*Work instruction*: Scan the entries below for the word "Course". Copy each line that has it.

*Provided records*:
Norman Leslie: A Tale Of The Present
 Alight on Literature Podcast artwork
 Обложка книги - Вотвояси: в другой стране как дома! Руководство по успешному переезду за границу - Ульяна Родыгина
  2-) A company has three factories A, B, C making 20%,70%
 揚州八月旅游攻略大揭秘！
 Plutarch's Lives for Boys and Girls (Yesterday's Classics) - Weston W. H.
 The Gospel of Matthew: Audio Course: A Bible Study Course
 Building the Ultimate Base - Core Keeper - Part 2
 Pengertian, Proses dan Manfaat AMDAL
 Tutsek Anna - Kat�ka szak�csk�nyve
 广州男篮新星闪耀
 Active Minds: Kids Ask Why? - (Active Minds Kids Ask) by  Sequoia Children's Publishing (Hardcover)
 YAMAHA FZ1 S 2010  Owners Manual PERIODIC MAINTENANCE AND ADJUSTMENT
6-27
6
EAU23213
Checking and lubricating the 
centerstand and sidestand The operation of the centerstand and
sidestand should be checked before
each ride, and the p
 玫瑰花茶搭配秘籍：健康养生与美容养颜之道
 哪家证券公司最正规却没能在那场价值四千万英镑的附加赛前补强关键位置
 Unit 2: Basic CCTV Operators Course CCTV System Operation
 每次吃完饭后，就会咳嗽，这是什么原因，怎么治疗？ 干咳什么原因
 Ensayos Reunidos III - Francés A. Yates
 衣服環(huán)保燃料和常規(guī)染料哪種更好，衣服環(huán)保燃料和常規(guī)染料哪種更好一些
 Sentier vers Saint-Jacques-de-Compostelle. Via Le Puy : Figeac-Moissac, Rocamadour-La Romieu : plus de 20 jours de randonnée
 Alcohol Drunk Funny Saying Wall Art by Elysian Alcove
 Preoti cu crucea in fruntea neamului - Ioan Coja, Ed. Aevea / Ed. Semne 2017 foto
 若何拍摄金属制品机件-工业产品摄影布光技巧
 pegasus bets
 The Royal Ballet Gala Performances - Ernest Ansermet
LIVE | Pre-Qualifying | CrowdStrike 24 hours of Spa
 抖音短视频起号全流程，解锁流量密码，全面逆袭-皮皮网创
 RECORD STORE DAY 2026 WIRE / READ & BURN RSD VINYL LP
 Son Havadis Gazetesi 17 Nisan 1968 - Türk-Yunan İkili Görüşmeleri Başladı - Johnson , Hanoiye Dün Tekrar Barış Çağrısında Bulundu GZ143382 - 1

*Output for this exercise*:
 The Gospel of Matthew: Audio Course: A Bible Study Course
 Unit 2: Basic CCTV Operators Course CCTV System Operation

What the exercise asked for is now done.